Призрак отшатнулся… Лицо его заколебалось в чаде разгоревшегося масла, которое выплеснулось из чаши лампадки и попало на фитилек. Он схватился за щеку, вскрикнул…
– Не надо! – с болью вскричал Александр Данилыч, и сердце его едва не разорвалось, когда он представил, что сейчас исчезнет это милое видение и Маша окажется в черных лапах черкеса. – Не исчезай, останься!..
– Вот черти, щеку обожгли, – беззлобно ругнулся Призрак, выплывая из чадного масляного духа. – Эдак без глаз зятя оставите!
Александр с Александрою замерли с воздетыми образами, но Призрак, не обращая на них более никакого внимания, наклонился осторожно, чтобы не потревожить Машу, и, коснувшись руки Меншикова, тихо произнес:
– Это я, отец! Я жив, клянусь богом!
И если Александр с Александрою были убеждены именем Всевышнего, то Меншиков – одним коротким словом «отец».
* * *
…Уже настала глубокая ночь, когда князь Федор закончил свой рассказ. Меншиковы слушали его не дыша – Федор не счел нужным таиться и от Александра с Александрою: как бы они к нему ни относились, теперь все они были одна семья, все заедино, и их воля была принимать или не принимать его решение: бежать из Березова всем вместе или порознь, чтобы добраться морем до Англии и найти там убежище, покуда царев гнев не сменится милостью – или навечно. Но как ни долог был этот рассказ, вместивший все приключения князя Федора в Петербурге, Раненбурге, Москве, снова в Петербурге и в тайге вокруг Березова, он мог оказаться еще длиннее, когда б князь Федор рассказал о тайне королевы Марго. Но он промолчал об этом, представив дело так, будто он по наказу дядюшек своих пытался втереться в доверие к ненавистному им временщику и стать своим в его доме, но внезапная любовь к Марии сделала его иным человеком и превратила из врага в союзника. Это была истинная правда, и она извиняла его умолчание.
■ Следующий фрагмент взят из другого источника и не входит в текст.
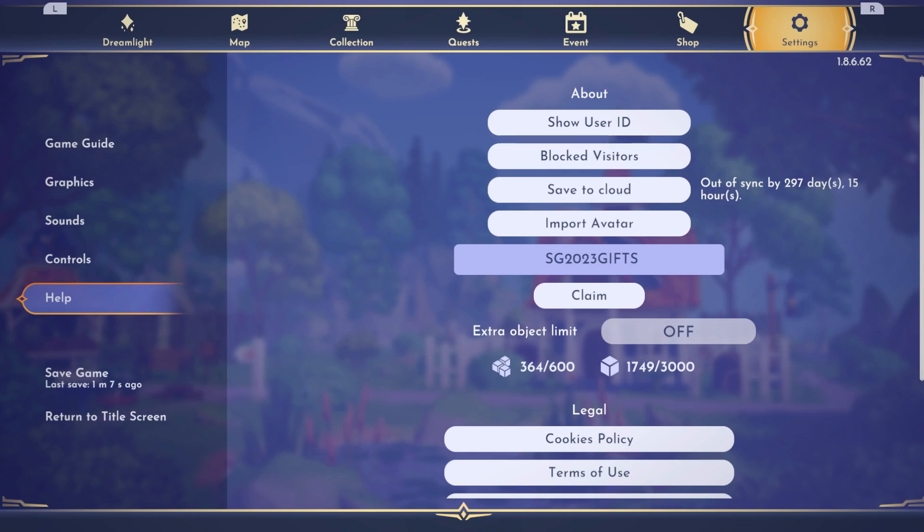The code is SG2023GIFS, all capital letters. It does have to be capital letters otherwise this is not going to work.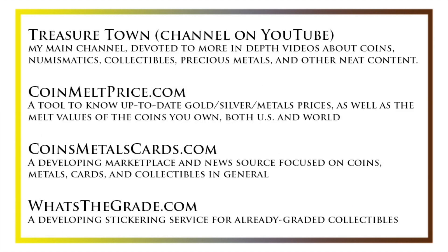I'd also like to draw your attention to some other helpful coin resources, such as my other YouTube channel, Treasure Town, which does more in-depth videos about coins and collectibles, as well as resources like coinmeltprice.com, which shows up-to-date precious metals pricing and the melt values of the coins that you own, coinsmetalscards.com, which will be both a marketplace and a news source for coins, metals, and cards, as well as whatsthegrade.com, which will develop into a stickering service for already-graded collectibles. Have a great day, and I hope to see you on some of our other videos.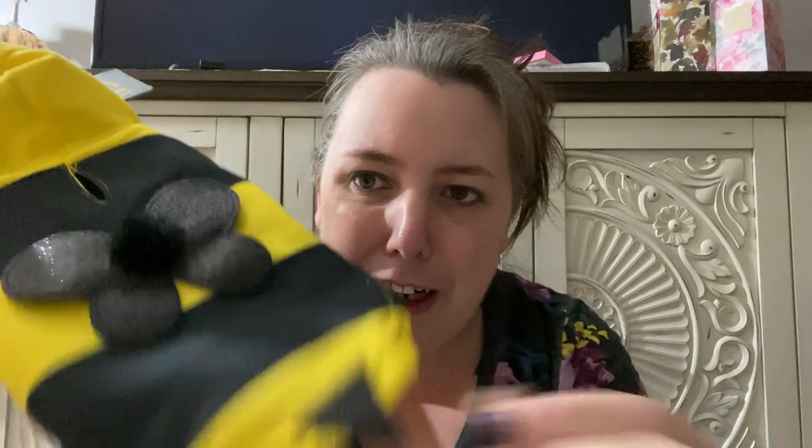If you guys watch me on the regular, you know I have two little dachshunds. I went ahead and got them the pet costumes. My little girl Trixie is going to be a bumblebee — super cute, has a little stinger on it that's glittery, with little glittery bumblebee wings and little antennas. These were five dollars and 99 cents — a great price for a pet costume.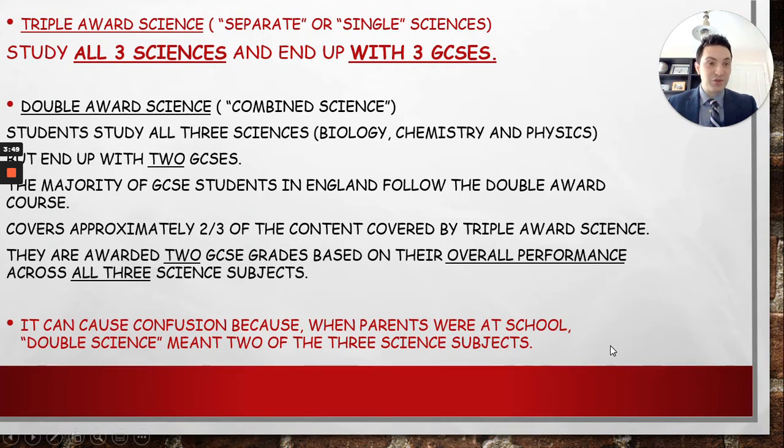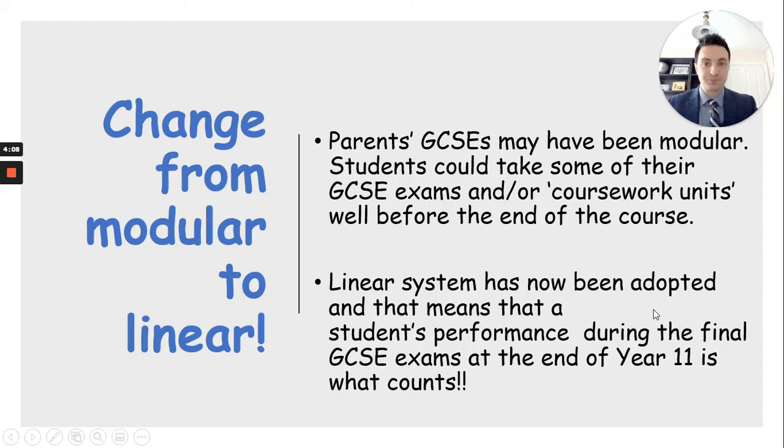And that's where the names 'combined science' and 'separate science' come from. I just want to be clear: the confusion often comes from the fact that double science doesn't mean you only study two subjects. Double science students still have to do biology, chemistry, and physics — there's no option of dropping one. Also, for both double and triple science, they are linear courses, so unfortunately all the exams are right at the end. Those performances in the summer GCSEs in year 11 is what counts.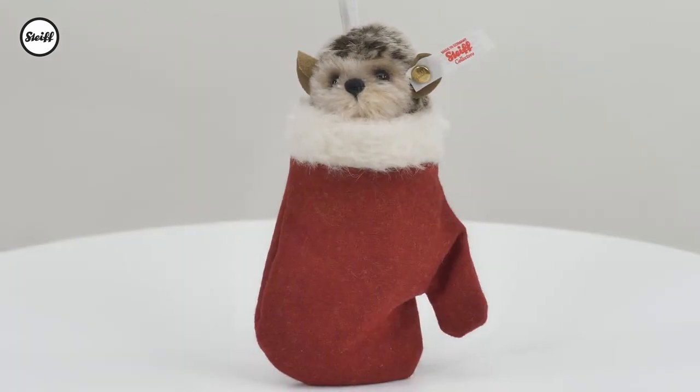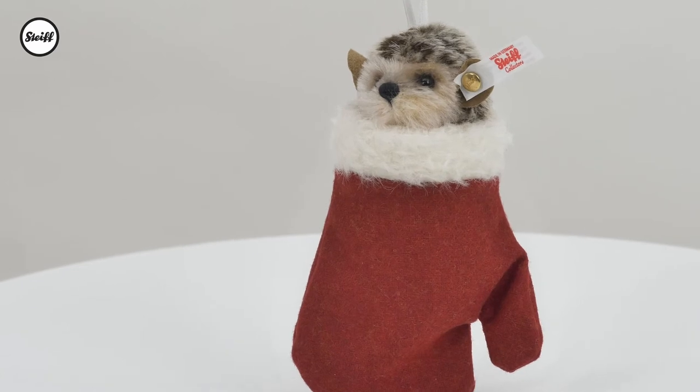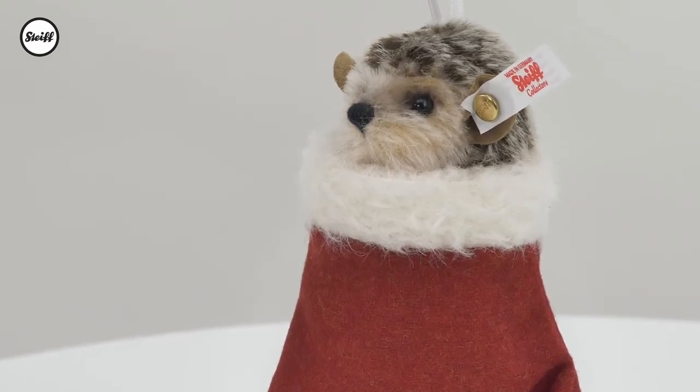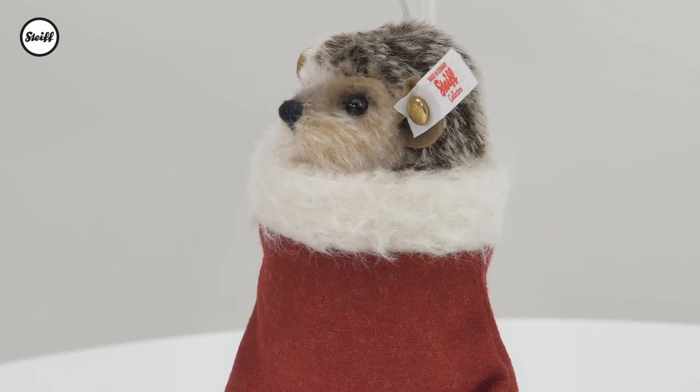The little hedgehog is made of mohair, whilst the mitten is made of red woolen fabric with mohair trim and is very cosy and warm. 2,000 little hedgehog ornaments are happy to swing on Christmas trees all over the world.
Не то чтоб князь Федор не нашел в себе мужества поведать про яд Экзили… Будь они наедине с Александром Данилычем, наверное, открылся бы до конца, такую безоглядную любовь и доверие ощущал он к этому человеку, воистину словно к отцу родному! Однако не хотелось отягощать смутной тайною неустойчивое, зыбкое доверие, которое постепенно, медленно установилось меж ним и Александром и Сашенькою.
Все равно ведь он не виновен ни в чем, кроме как в губительных помыслах, а коли так – не проще ли прислушаться к вековой мудрости: чего не знаешь – не помешает? И если даже проницательный Меншиков уловил некоторые недомолвки в сей исповеди, то не стал обращать на них внимания. Подобно Христу, который хоть и не имел детей, но обладал отеческим сердцем, Александр Данилыч предпочитал раскаяние безгрешности, ибо сам был не кем иным, как раскаявшимся грешником, а потому принял как должное все, что счел нужным поведать этот человек, добровольно принявший чащу страданий и испивший ее до дна.
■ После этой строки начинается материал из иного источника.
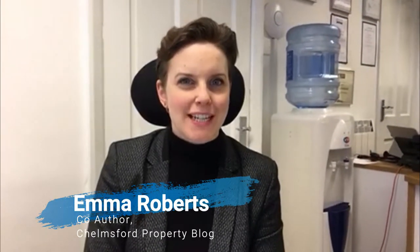Hi everybody, it's Emma from Martin & Co. Estate Agents here. I wanted to bring to you my final buy-to-let deal of the day for this week. You might notice I'm sitting inside — unfortunately it's too cold outside, but I didn't want you to miss out, so here we go.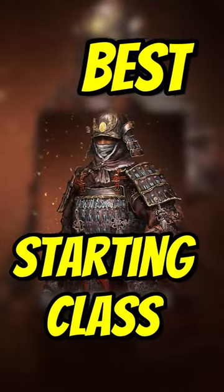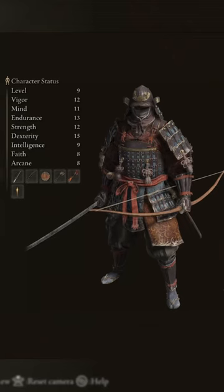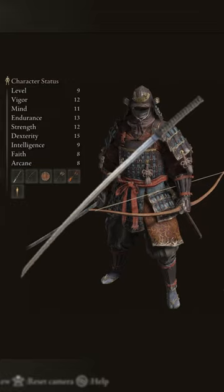The best starting class in Elden Ring is the Samurai class and it's not even close. This class starts with two amazing items, the Uchigatana and the Round Shield. The Uchigatana is a bleed weapon which automatically makes it valuable against many bosses in Elden Ring, but the main reason why it's so strong is its unsheathed ash of war.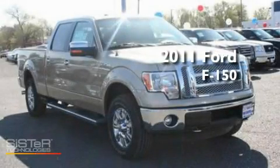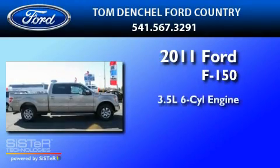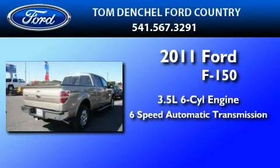This is a brand new 2011 Ford F-150. It has a 3.5-liter six-cylinder engine and a six-speed automatic transmission.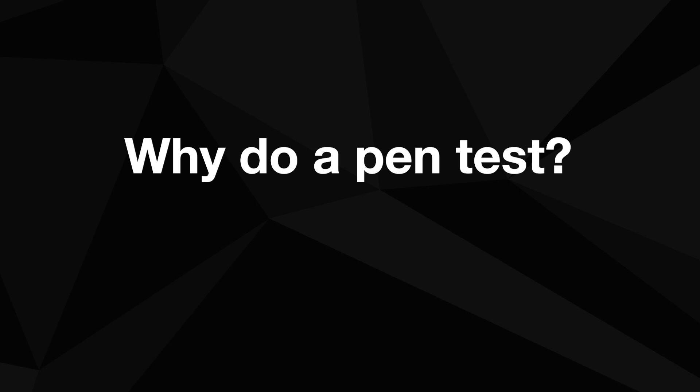Why would a company or business be interested in completing a pen test? A penetration test is one of the better ways to identify vulnerabilities in a network. You use the same methodology as an attacker to identify vulnerabilities or misconfigurations, and then push them to their logical extremes to see what you can do.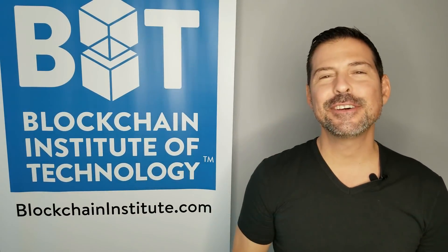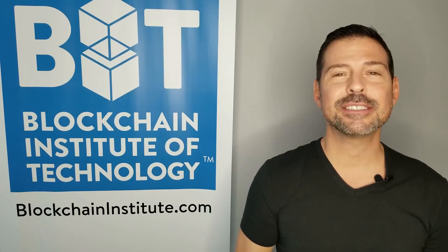Hi blockchain visionaries, I'm George Levy. I believe we're changing the world one blockchain at a time. In this video I'm going to be telling you how to protect your bitcoins from prying hands and anyone that could be trying to take them away from you.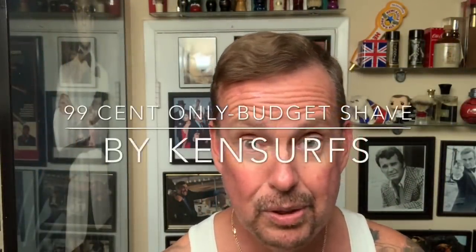Hey everyone, Ken here, and it's time for a budget shave. I've been listening to your requests for over a year now, and a lot of the requests have been 'hey, can you do a budget shave?' There are a lot of products available at the 99-cent store. We have a couple of different 99-cent stores around me — there's the 99-cent only store where everything is 99 cents, and then there's the 99-cent store which starts at 99 but can go up. That one is the closest to me.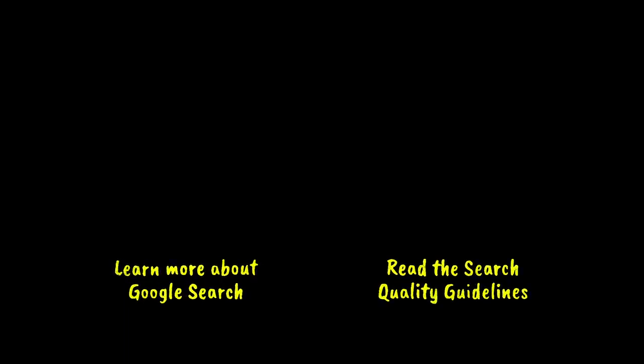Interested in learning more? We've got a whole website dedicated to how search works — just click right here. Want to read the search quality evaluator guidelines for yourself? Click right here.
Не в силах ничего сказать, он только сжал руку князя Федора, как бы давая знак прощения и родительского участия, – и вздохнул: что-то ожгло вдруг его пальцы. Слеза? И еще одна? Однако глаза князя хоть и грустны, но сухи, исполнены решимости. Что же означает сие? О… Маша! Это плачет Маша!
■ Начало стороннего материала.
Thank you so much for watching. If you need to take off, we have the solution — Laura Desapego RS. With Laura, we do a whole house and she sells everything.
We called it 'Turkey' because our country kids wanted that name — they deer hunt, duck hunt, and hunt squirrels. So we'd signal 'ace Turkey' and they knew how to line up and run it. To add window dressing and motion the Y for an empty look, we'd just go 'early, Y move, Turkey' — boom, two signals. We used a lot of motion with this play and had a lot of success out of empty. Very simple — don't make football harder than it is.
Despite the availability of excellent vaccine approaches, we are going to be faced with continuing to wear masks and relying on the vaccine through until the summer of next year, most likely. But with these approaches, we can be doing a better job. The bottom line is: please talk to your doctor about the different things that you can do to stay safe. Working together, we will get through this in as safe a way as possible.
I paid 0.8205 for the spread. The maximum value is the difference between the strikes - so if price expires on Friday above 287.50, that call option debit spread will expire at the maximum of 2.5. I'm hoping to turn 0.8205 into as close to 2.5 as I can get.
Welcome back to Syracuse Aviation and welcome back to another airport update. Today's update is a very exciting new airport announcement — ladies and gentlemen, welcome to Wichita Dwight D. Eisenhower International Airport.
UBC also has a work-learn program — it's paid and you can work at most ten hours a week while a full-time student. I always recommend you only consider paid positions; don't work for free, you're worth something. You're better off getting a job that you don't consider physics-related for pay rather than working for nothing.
И только теперь князь Федор и Меншиков заметили, что та, которая занимала все их помыслы, очнулась и, затаившись, внимательно слушает печальную исповедь своего вновь обретенного супруга. Теперь ему, получившему доверие и прощение отца, предстояло выслушать приговор супруги, и дрожь невольно пробрала его, когда он в сотый, тысячный раз вообразил картину, ставшую для него постоянным кошмаром: как с расшивы, идущей поперек крутой волжской волны, свешивается тонкая, исполненная отчаяния фигура, чтобы отринуть жизнь и принять смерть, ибо она только что узнала: не осталось ничего в мире, что удерживало бы в ней желание жить. Грехом князя Федора была ложь. А Маша готова была принять на себя куда более тяжкий грех: изыти к богу преждевременно, совершить самоубийство, и глуби волжские стали бы для нее позорным жальником [89]89
Общая могила где-нибудь при дороге для самоубийц, бродяг, умерших нечаянной смертью, и прочего отпетого люда, недостойного похорон на освященной земле
[Закрыть]. И вновь проклял себя князь Федор за то, что не расстарался дать ей о себе известие раньше, не смог предупредить. Он извинял себя тем, что единственным человеком, кому он всецело доверял и кто мог бы доставить Марии сие предупреждение, был Савка, но с ним-то Федор никак не мог расстаться, ибо в одиночку невозможно было осуществить его безумное и почти безнадежное предприятие. Да, оно удалось, дело выгорело (вот уж воистину!), и это его во многом оправдывало и прощало, но вот простит ли Мария?..
Он ждал приговора с таким трепетом, что даже не сделал попытки удержать ее, когда она соскользнула с его колен и встала напротив, глядя не обвиняюще и отстраняюще, но с такой глубокой печалью, которая была ему непереносимее самых изощренных упреков.
Что-то было в этой печали особенное.., какой-то необъяснимый оттенок, и князь Федор насторожился.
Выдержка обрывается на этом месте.